I'm not going to let this happen. I'm simply not. I saw him standing 'living in' instead of 'being out' and I had been the cause of it. I've spent way too much of my life 'in' and in the last few weeks that's where I'd been living. No way was I going to be insensitive to my effect, even as a casual stranger, on another.

I've been reading the book "Birdsong" by Sebastian Faulks and that gave me the in. "May I see the book you are reading?" I asked. He looked at me shocked. I continued, "I am very interested in stories from the Wars, I don't know that book." My tone was studiously friendly. He handed the book over for me to see and stepped out of the line. I explained about "Birdsong" as I looked at his book, taken out of the library. His face relaxed and he told me a bit about the author of the book and how much he was enjoying it.

I'd just handed the book back to him when Joe returned from the washroom. The young man's face went from shock to realization and he grinned.

There had been an Ally where he had seen the Enemy.

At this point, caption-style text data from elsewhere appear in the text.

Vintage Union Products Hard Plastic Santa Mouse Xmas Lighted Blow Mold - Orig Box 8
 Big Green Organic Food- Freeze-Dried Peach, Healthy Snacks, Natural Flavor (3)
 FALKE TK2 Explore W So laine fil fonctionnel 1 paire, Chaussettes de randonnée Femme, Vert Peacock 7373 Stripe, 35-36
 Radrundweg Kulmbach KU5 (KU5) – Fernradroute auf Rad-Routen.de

He'd made a mistake that I have made often.

I had a chance to correct it this time. And I took it. It was only a moment but I'd been able to reclaim a situation that could have left a lingering bruise on another's heart and a lingering regret in my own. It was nice to again realize that I have power over how my world is experienced. By others but also by me. It was nice to realize, again, that I have a responsibility to ensure that who I am and how I am - does not damage or hurt who others are and how they experience their world.

He smiled as he wished us a good day.

And that was, I realized exactly the right thing to say.


Jess and Glacier said...

Too often those moments pass us by and even when we "see" them go, we-or should I say I-don't know how to catch them and make it right.
Thanks for sharing this because it reminds me to catch those experiences and make them count.

Happy said...

That's such a wonderful story. I think my gay and trans friends are some of the bravest people I know.

Tony said...

About a year ago I was using the elevator when, unfortunately, it began to open on a floor I wasn't getting off on. Meaning there was someone else getting on the elevator. So I moved to the corner away from the door but as far back from the buttons as possible, too, so whoever it was wouldn't mind pressing the buttons. Then I stood up straight and looked forward/down and tried to "shut off" my eyes as I waited for my floor. That way hopefully I wouldn't do anything to upset people or draw attention to myself.

This whole thing is entirely unremarkable. What was different this time was that the person who got on the elevator didn't look directly at me but instead started to walk in circles repeatedly- the sort of thing I do when I'm alone in the elevator- and then quickly and wordlessly got off when the elevator got to his floor. I didn't think much of this until later, since I was focused on trying to appear uninteresting and nonthreatening to such a large man. If anything I was worried by someone acting differently than most people, acting in a way that I didn't know what the "right"/safe response to was.

I'm guessing we were both autistic. I much prefer your story, though.

Jazz said...

I just found your blog, and this was the second posting I read.

The effort you took to be kind and go out of your way to make this a good experience I'm sure was not lost on this fellow.

If more people would take just a moment and choose kindness instead of letting things go or reacting the world may just improve a bit.

Homophobia and treating anyone (as in my case, the physically challenged and slightly sarcastic) as "the other" bothers me tremendously. I'd rather judge you on the quality of your character. That's really all I care about anyhow.

You seem to have character in spades. Of the good kind.

What a welcome find. Thanks for your blog.